Le jeune contre-ténor polonais Rafal Tomkiewicz s’acquitte avec brio du rôle-titre. Vêtu d’un élégant manteau bleu, épée au côté, il enchaîne les airs dans le premier acte. Le O cara notte et le Notte amica qui suit régalent d’emblée nos oreilles : phrasé fluide, aigus moelleux… Il brille dans le Non sa temere, entouré des créatures inquiétantes qui suivent Melissa ; le finale enlevé est salué de généreux applaudissements. Le finale du premier acte donne lieu à un numéro scénique envoûtant, dans lequel le héros s’empare de la nappe de fils d’un terminal, tout en débitant les ornements du O rendetemi il mio bene, qui mobilise un large ambitus, sous la surveillance implacable du drone, un moment lui aussi très applaudi. Au second acte, il développe des couleurs fraîches et joyeuses dans le Sussurrate onde vezzose, aux aigus charmeurs. Dans cet acte, mentionnons aussi le duo de son affrontement avec Melissa (Crudel tu non farai), soutenu par un orchestre survolté et couronné d’applaudissements.


Yulia Sokolik © Anna Kolata

L’alto d’origine russe Yulia Sokolik constitue indéniablement le second point fort de cette distribution. Son Dardano est d’une crédibilité stupéfiante, tant au plan physique (pantalon et justaucorps, épée au côté, cheveu court et fine moustache) qu’au plan vocal, grâce à un timbre étonnamment androgyne. C’est d’ailleurs elle qui lance le premier air, Pugnerò contro del fato, avec un abattage impressionnant dans les ornements.

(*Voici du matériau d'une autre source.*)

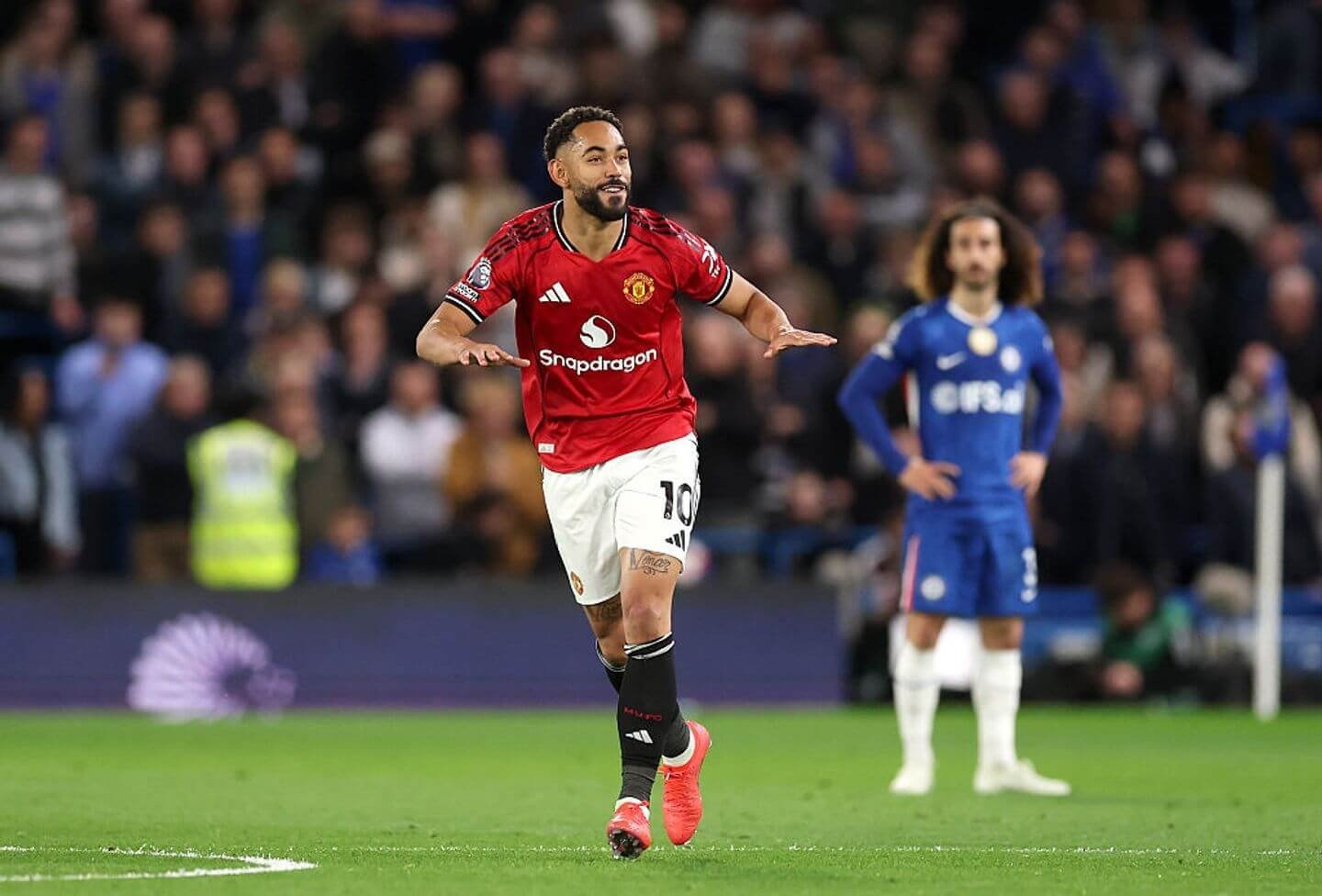 Mateus Cunha's Goal Gives Manchester United 1-0 Victory Over Chelsea at Stamford Bridge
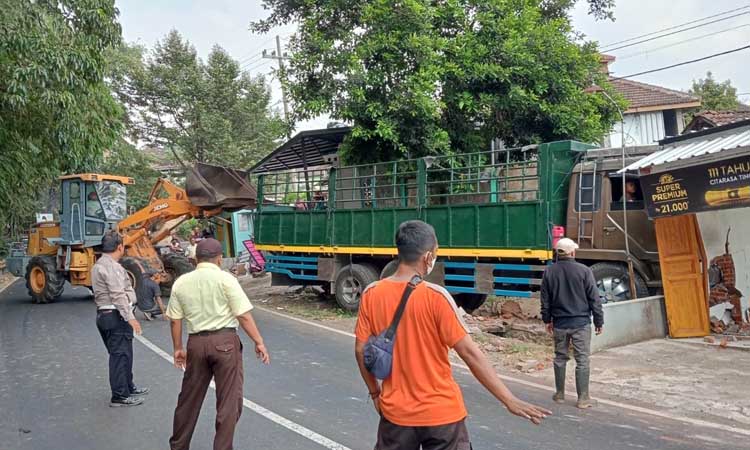 Kondisi truk tronton usai rem blong dan menyeruduk sebuah toko di Gerbo, Purwodadi, Rabu (31/7).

Son air du second acte, Pena tiranna, en duo avec le basson, dans lequel elle déploie un legato impeccable, constitue un sommet de cette représentation, souligné par de chaleureux applaudissements d’un public enthousiaste.

Les deux autres interprètes féminines s’acquittent également de leur rôle avec les honneurs. Enveloppée dans une gaze vaporeuse ornée de fleurs, la soprano Serafina Starke incarne avec conviction une Oriana tendrement amoureuse (magnifique Gioie, venite in sen, où les danseurs agitent des papillons autour d’elle) mais torturée par les épreuves infligées par la magicienne (désespoir déchirant du S’estinto è l’idol mio, reproche du Ti pentirai crudel). Les ornements des reprises sont particulièrement brillants, et lui valent des applaudissements mérités. Signalons encore, au troisième acte, le duo très réussi avec Amadigi, chacun attaché loin de l’autre (Cangia al fine il tuo rigore).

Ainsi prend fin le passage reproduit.